### Exercise description:
All of the data below should be printed again exactly, pictures excluded.

### Dataset excerpt:
--------------------
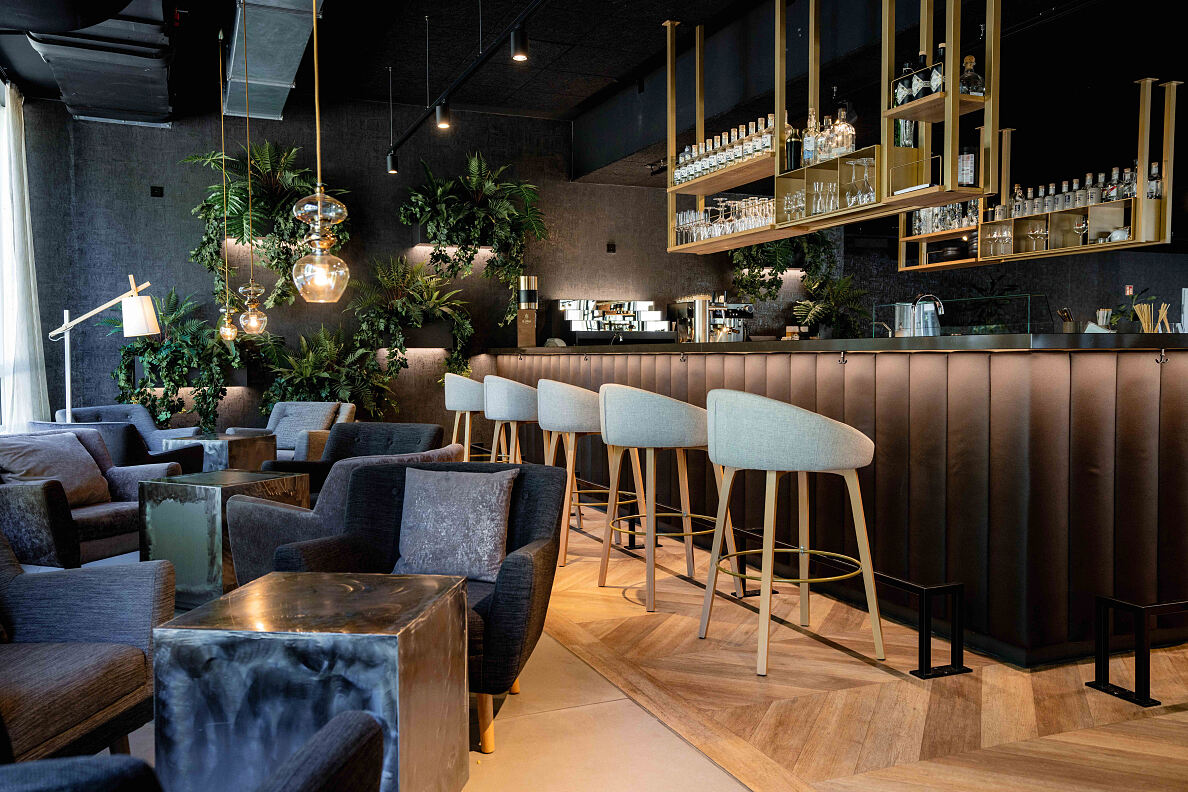 Flightgate Munich Airport Hotel, a member of Radisson Individuals im SKYGATE in Hallbergmoos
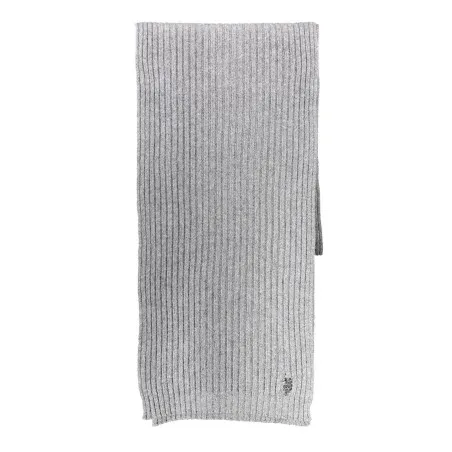 Écharpe pour homme US POLO ASSN., grise - U.S. POLO ASSN
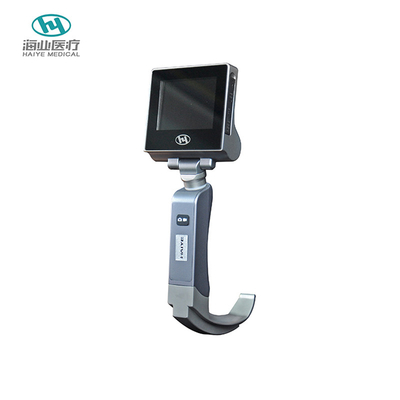 لارنگوسکوپ تصویری سفت و سخت SS Airway با باتری لیتیومی قابل شارژ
--------------------
### Exercise result:
 Flightgate Munich Airport Hotel, a member of Radisson Individuals im SKYGATE in Hallbergmoos
 Écharpe pour homme US POLO ASSN., grise - U.S. POLO ASSN
 لارنگوسکوپ تصویری سفت و سخت SS Airway با باتری لیتیومی قابل شارژ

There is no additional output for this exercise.